Below is a listing with pictures. Repeat exactly the lines starting at the one holding "Lancôme La Vie" and going on through the one holding "12771 Cleveland Road", and leave every picture out.

## [Records for the exercise]
- - - - -

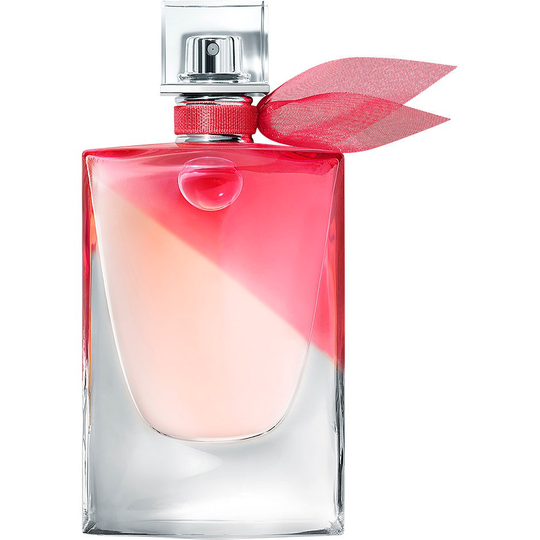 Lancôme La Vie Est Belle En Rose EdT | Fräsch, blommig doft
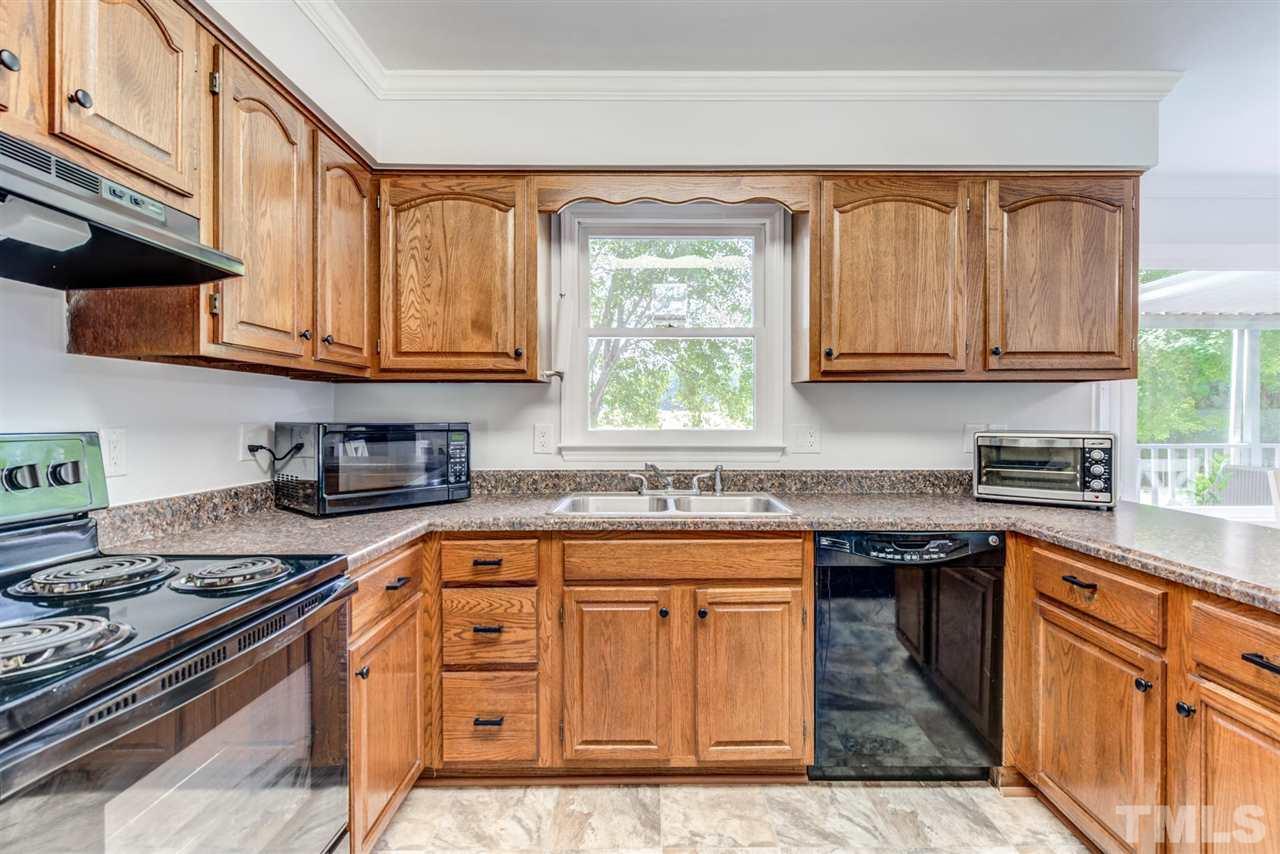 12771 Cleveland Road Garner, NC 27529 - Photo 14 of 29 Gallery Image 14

- - - - -

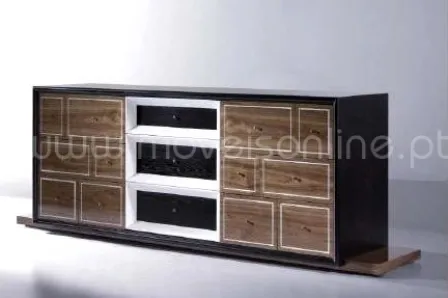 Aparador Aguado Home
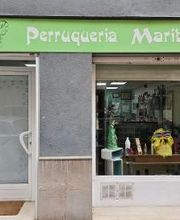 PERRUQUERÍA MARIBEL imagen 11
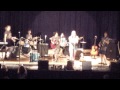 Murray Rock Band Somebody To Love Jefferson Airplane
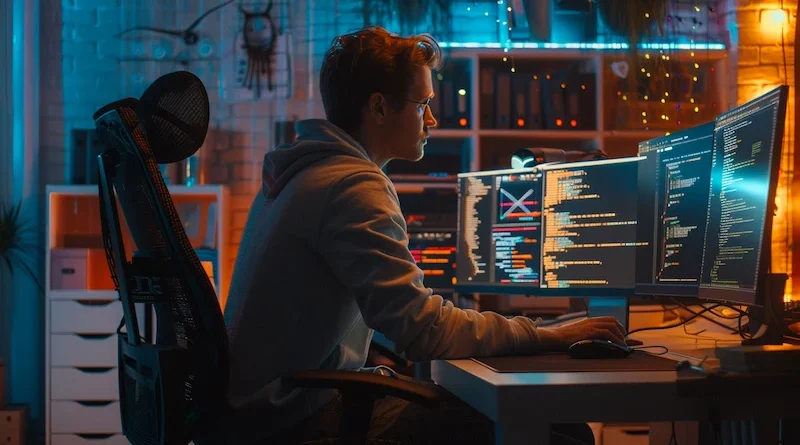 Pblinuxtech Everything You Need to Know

- - - - -

## [Problem solution]
 Lancôme La Vie Est Belle En Rose EdT | Fräsch, blommig doft
 12771 Cleveland Road Garner, NC 27529 - Photo 14 of 29 Gallery Image 14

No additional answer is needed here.